It is not intended to give ARGA new powers to offer a pre-clearance service.

4. Company directors

Enforcement against directors

The Government intends to give ARGA the necessary powers to investigate and sanction breaches of corporate reporting and audit-related responsibilities by directors of PIEs, including those under the new 750:750 definition.

This regime will not replace existing arrangements, for example, in respect of offences under the Companies Act 2006 or breaches of the FCA Listing Rules, FCA Transparency Rules or Market Abuse Regulation. Care will also be taken to avoid overlap or duplication between the role of ARGA and the existing scope of powers of the FCA and other regulators where possible.

Clawback and malus provisions in directors' remuneration arrangements

Following the consultation, the Government has accepted that the proposed conditions in the White Paper relating to clawback and malus provisions could benefit from increased clarity and that a more nuanced approach may need to be taken to cater for different companies' circumstances. Therefore, the FRC will be invited to consult on how the existing malus and clawback provisions in the Code can be developed to deliver greater transparency and to encourage consideration and adoption of a broader range of conditions in which executive remuneration could be withheld or recovered.

5. Audit purpose and scope

ARGA will be responsible for driving improvements in audit as an integral part of its core objectives, rather than the Government advancing new legislation in this area. The Government will also seek improvements from existing professional bodies to auditor qualifications, skills and training. Following consultation feedback, the Government is not intending any legislative changes regarding the assurance of Alternative Performance Measures or Key Performance Indicators and intends to retain the current 'true and fair' standard and current audit liability framework.

6. Audit committee oversight and engagement with shareholders

The Government intends to proceed with giving ARGA the power to set minimum requirements on audit committees in relation to the appointment and oversight of auditors, which will include provisions around mechanisms for shareholder engagement on the audit plan. ARGA will be asked to ensure that the new requirements do not conflict with existing requirements, e.g., those set out under the Code. These requirements will initially apply only to FTSE 350 companies, although the Government has noted that it will monitor the situation after the initial implementation and consider whether the requirements should be extended to a wider community of PIEs.

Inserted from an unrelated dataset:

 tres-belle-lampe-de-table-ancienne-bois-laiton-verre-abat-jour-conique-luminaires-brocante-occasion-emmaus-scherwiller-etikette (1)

The Government has determined that ARGA will not be given the power to place an independent observer on the audit committee, nor to appoint the auditor in any circumstances.

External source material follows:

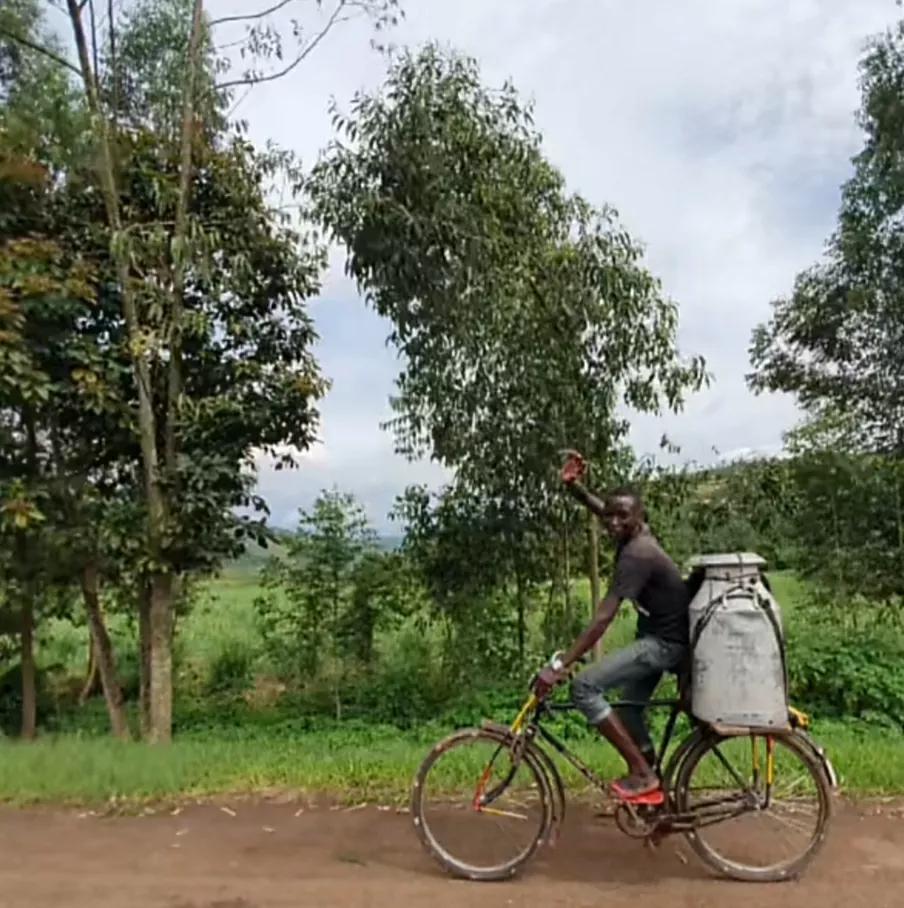 喀麦隆玩命出租车，一辆车坐17人，中国自行车也在非洲遍地开花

7. Competition, choice and resilience in the audit market

There are a number of proposals being taken forward with respect to competition, choice and resilience in the audit market. Notably, UK-incorporated FTSE 350 companies will be required to appoint a challenger as sole group auditor, or, alternatively, appoint a challenger firm to conduct a meaningful proportion of its subsidiary audits within a shared audit.

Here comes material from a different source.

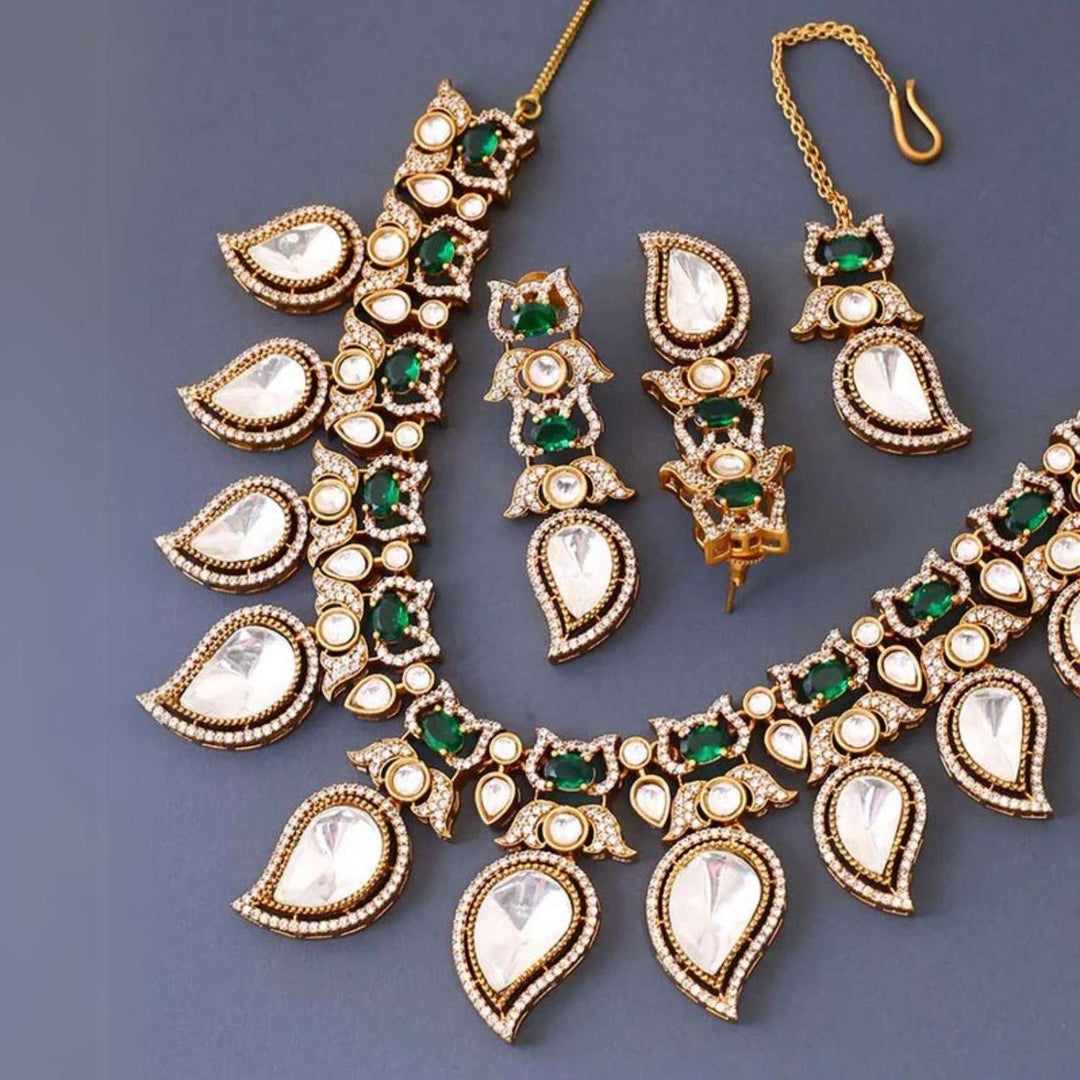 Emerald Zane Victorian Jewellery Set - New Arrival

8. Supervision of audit quality

The Government intends to make ARGA (rather than the professional bodies to whom this task is currently delegated by the FCA) responsible for approving the statutory auditors of PIEs. It is also asking the FRC to look at non-legislative ways of improving the regulator's Audit Quality Review process.

9. A strengthened regulator

As noted above, ARGA will replace the FRC and will be given new enforcement powers. Its objectives will be to promote high quality audit, corporate reporting, corporate governance, accounting and actuarial work and to promote effective competition in the market for statutory audit work.

There will also be changes to the regulator's responsibilities, including the strengthening of existing voluntary arrangements for the oversight of professional accountancy bodies and giving ARGA statutory powers to oversee and regulate the actuarial profession.